Wednesday, August 29, 2012

Taxes and the Rich

There are few things more emotive than taxation and "the rich", and I have little doubt that as undergraduate students you have a few opinions on these issues.

It turns out Nick Clegg has made a public pronouncement (via the Guardian) that the rich should pay more tax - at least for a while...

The purpose of 217 is to encourage you to think about issues like this as an economist - to put your learning into practice.  So the think we should try our best to do is put politics out of the picture for as long as we possibly can, and try to think about things objectively - if that's possible!  Bernard Jenkins, a Tory MP, is very quickly political in the linked BBC article, trotting out the usual line that Clegg is indulging in the "politics of envy" (John Redwood does at least try and defend the Tory approach to taxation and the rich - something we are often quick to ridicule). Let's try and leave that behind.
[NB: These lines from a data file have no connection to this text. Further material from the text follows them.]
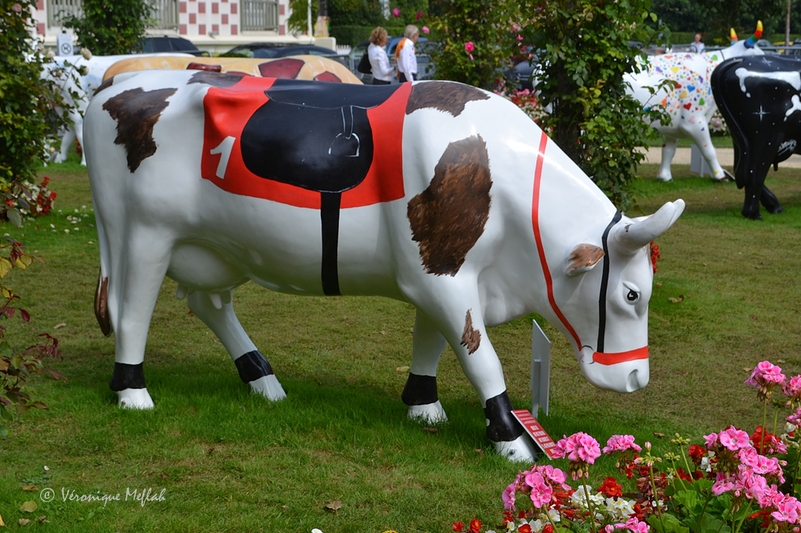 La Cow Parade à Deauville 2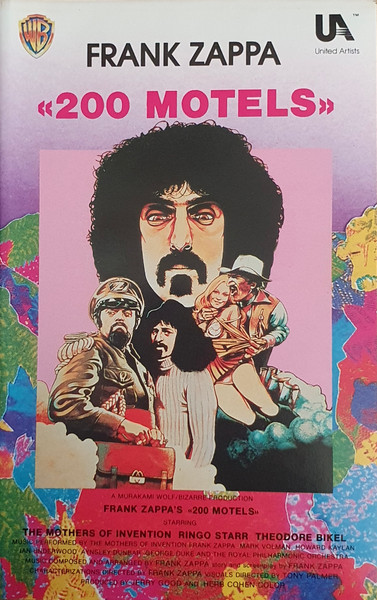 Frank Zappa – フランク・ザッパの200モーテルズ (2024, Region 2, DVD 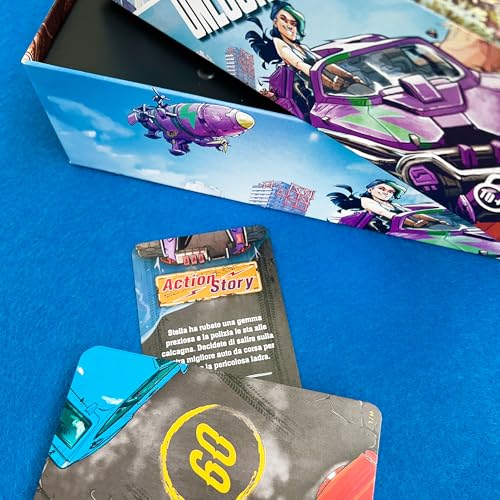 Asmodee - Unlock!: Legendary Adventures - Gioco Da Tavolo Con App, Escape Room, 1-6 Giocatori, 10+ Anni, Edizione In Italiano - 5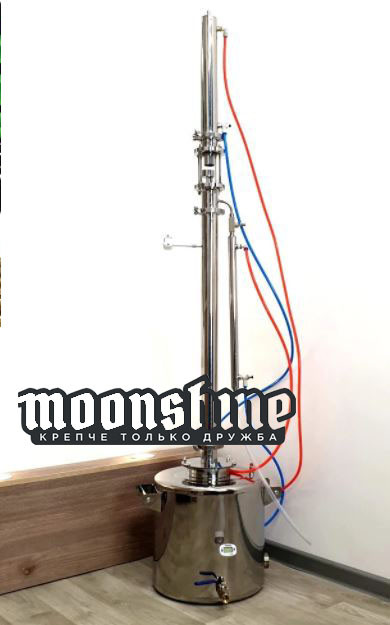 Ректифікаційна колона Moonshine Expert фланець 2" 37 літрів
One fairly commonly known theory, and one often cited when discussing matters of taxation is that of Ricardian equivalence, proposed by the famous economist himself.  It says that people are aware of the government's budget constraint, and hence realise that any cut in taxes now (or increase in spending) will have to be paid for, and hence they expect higher future taxes and so do not increase personal spending now but instead save up for when the tax bill will come in the future.

It's an intellectually appealing theory - we like to think people are rational and make sensible decisions like this. However, it does rely on a number of assumptions, as any economic theory does. For example it requires for its full effect that tax imposition is even across society, hence that all will feel the pain of increased future taxes to pay for current spending. In our progressive tax system, this is unlikely. It also does not reckon with our impatience - we want jam today not jam tomorrow and hence we'll spend today and face the consequences tomorrow.

We'll think a lot about policy in econ217 over the coming year, and one thing it's important to recognise is that nothing can be proven one way or the other using the tools of economics - neither data nor clever reasoning constitute proof in matters such as this, particularly when we are trying to predict the future. But this also does not render what we will discuss as meaningless - it will still pay for political parties to put in place economically sensible policies rather than trying to use economists for intellectual cover for ideologically driven policies (a common trait of all political parties).  It should be an interesting year!